I have read the internet stories about it but I do not think it is as bad as they say. I still have my weed whacker, chain saw, lawn mowers, generators, and of course I work on lots of other people's generators and I don't see any problems I can point to as ethanol. Not to say I think it is any good, I think people should eat corn and put petroleum in their gas tanks, or better yet let the market figure it out, but here are the major carb failures I see often:
- Machine left to sit in the rain, water goes into bottom of tank, clogs up float bowl with galvanic corrosion due to dissimilar metals that were never meant to see water
- Machine subjected to dirty fuel, dirt/bugs in gas tank plug fuel lines, etc.
- Machine left to sit a year with fuel valve open, little by little gas from tank flows by gravity and gets distilled off in the float bowl until all that is left is a brown substance resembling dried up wood varnish
This last one is a bit annoying as the horrible smelling MTBE stuff they used to use in the 90s and early 2000s seemed to dry into a white powder that never bothered anything, but the stuff before that dried to the brown varnish like we have now so I guess things go around full circle sometimes.
Birkin this hippie gas blend we have in CA has to much methanol in it.

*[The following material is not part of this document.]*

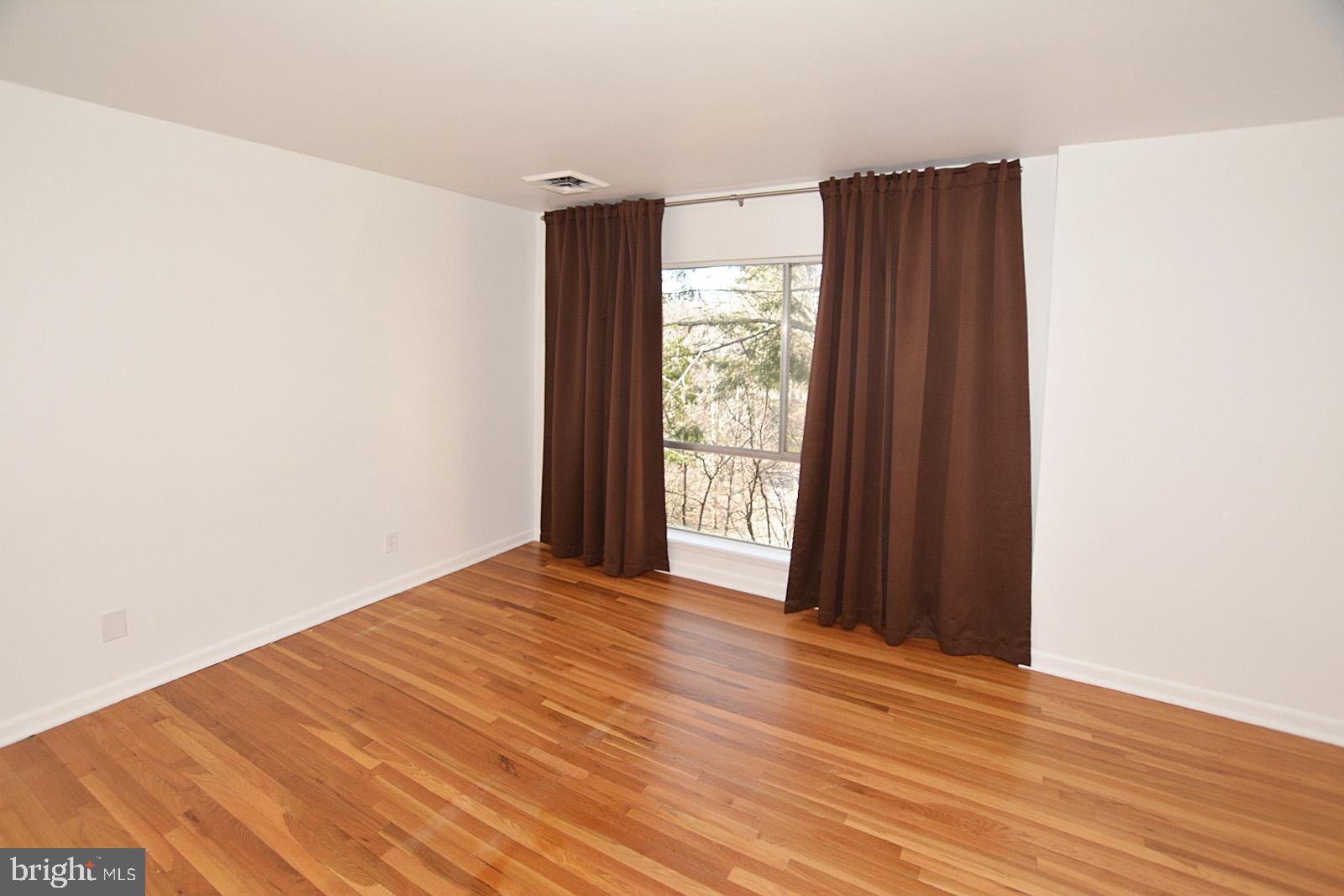 11091 Saffold Way Reston, VA 20190 - Photo 19 of 30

Methanol is hygroscopic and will pick up moisture, well guess what happens to that moisture, it collects. bottoms of fuel tanks and carburetors are the usual places that you're sure to find its footprints.
A friend has a mid 80's corvette they bought brand new, California car zero corrosion. Other than the bottom of the fuel tank that started leaking while they were out of country for a month. Nice surprise coming back to a house that wreaks of gasoline and a car sitting in giant puddle of it in the same room with the water heater.